_WORK TO COMPLETE_: Every line holding the string "Family" is to be copied from the entries below.

_PROVIDED RECORDS_:
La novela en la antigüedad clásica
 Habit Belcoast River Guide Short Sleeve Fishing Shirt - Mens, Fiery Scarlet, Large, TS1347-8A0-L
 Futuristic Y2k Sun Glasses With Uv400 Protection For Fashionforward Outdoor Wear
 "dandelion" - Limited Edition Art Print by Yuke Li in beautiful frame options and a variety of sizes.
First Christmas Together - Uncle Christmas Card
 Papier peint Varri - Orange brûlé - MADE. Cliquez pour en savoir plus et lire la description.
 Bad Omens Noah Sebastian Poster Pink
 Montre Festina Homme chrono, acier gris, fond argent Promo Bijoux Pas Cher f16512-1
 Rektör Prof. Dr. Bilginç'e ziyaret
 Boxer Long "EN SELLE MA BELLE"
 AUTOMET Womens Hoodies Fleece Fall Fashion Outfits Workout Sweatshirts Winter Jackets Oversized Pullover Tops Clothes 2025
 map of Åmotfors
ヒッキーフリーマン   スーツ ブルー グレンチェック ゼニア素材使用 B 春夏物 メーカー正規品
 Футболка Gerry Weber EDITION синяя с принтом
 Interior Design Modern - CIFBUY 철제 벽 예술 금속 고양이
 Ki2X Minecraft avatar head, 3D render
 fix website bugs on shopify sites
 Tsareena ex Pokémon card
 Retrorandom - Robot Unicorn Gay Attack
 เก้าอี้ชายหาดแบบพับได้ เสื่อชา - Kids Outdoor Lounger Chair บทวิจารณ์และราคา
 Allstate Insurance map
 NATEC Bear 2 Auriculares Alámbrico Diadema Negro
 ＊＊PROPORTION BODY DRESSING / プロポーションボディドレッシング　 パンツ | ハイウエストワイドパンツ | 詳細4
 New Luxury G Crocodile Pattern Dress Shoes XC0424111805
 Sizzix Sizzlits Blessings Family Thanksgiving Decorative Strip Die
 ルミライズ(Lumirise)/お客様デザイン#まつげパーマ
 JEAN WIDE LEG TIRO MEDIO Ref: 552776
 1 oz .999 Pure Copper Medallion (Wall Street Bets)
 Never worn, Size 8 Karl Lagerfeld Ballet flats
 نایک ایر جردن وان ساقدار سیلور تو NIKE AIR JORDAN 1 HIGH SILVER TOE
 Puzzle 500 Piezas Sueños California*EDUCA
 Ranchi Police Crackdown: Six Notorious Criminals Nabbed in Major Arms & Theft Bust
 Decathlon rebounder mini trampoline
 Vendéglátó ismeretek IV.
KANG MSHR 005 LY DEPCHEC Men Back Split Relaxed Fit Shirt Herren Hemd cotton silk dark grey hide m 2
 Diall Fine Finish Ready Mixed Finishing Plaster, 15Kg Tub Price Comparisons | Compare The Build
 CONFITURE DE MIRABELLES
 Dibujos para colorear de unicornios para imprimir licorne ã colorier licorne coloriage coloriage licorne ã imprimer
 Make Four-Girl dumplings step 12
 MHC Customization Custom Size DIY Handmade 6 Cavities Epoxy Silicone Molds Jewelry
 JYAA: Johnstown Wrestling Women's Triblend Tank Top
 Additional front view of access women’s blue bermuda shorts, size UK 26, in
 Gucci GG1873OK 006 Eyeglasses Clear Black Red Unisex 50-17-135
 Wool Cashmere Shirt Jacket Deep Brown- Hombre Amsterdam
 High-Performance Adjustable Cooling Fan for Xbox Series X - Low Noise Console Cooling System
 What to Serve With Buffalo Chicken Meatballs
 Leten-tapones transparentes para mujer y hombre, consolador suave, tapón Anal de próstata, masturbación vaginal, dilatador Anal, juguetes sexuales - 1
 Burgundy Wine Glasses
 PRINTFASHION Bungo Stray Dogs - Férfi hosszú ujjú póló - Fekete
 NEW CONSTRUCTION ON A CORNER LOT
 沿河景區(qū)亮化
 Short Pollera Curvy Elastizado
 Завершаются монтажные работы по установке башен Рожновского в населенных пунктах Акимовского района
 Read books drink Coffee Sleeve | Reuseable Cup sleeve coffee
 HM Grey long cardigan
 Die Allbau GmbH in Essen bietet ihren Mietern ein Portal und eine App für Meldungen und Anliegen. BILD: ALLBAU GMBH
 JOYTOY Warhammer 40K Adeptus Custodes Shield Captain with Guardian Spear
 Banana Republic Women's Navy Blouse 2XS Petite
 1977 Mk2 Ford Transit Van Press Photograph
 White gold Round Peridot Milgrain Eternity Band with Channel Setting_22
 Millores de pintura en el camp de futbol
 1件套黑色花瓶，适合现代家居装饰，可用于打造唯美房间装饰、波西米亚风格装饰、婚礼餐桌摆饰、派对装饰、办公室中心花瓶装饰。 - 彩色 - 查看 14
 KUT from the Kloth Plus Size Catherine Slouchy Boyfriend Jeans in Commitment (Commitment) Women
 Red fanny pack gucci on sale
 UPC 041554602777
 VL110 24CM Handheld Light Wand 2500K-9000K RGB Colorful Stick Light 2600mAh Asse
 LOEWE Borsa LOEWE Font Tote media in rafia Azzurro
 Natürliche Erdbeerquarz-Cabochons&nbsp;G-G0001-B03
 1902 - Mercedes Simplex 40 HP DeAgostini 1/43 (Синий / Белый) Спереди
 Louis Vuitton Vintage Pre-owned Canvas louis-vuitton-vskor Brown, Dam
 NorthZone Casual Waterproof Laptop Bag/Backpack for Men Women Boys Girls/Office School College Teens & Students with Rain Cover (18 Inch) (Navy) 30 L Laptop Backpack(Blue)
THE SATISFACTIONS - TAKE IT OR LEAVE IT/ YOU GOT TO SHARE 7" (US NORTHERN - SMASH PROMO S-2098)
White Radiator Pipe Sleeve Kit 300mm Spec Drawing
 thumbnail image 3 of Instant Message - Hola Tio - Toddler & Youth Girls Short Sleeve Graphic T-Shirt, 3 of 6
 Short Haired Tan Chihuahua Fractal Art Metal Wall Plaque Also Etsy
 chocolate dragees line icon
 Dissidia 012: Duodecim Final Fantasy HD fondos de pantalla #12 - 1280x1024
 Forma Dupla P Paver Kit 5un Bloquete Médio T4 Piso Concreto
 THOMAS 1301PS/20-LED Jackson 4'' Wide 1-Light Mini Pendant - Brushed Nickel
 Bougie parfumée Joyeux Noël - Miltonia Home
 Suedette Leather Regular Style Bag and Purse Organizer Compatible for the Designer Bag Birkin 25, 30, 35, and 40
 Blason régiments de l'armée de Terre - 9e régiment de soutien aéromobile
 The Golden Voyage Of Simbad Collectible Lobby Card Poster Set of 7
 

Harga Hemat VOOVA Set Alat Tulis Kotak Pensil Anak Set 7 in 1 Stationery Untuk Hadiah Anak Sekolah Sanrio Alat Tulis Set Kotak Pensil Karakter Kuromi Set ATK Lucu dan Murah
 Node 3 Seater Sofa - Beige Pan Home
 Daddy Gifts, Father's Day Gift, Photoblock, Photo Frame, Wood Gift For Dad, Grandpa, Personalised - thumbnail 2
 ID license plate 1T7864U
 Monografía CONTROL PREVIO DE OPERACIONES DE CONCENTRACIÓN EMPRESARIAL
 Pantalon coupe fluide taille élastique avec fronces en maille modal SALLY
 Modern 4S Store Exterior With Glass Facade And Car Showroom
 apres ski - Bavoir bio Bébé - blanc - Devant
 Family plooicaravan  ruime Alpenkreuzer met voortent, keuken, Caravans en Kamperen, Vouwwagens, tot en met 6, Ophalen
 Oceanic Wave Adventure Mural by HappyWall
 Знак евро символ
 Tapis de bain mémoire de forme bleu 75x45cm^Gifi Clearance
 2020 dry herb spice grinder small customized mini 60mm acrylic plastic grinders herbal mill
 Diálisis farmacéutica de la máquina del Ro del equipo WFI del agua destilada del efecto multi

_EXERCISE OUTPUT_:
 Sizzix Sizzlits Blessings Family Thanksgiving Decorative Strip Die
 Family plooicaravan  ruime Alpenkreuzer met voortent, keuken, Caravans en Kamperen, Vouwwagens, tot en met 6, Ophalen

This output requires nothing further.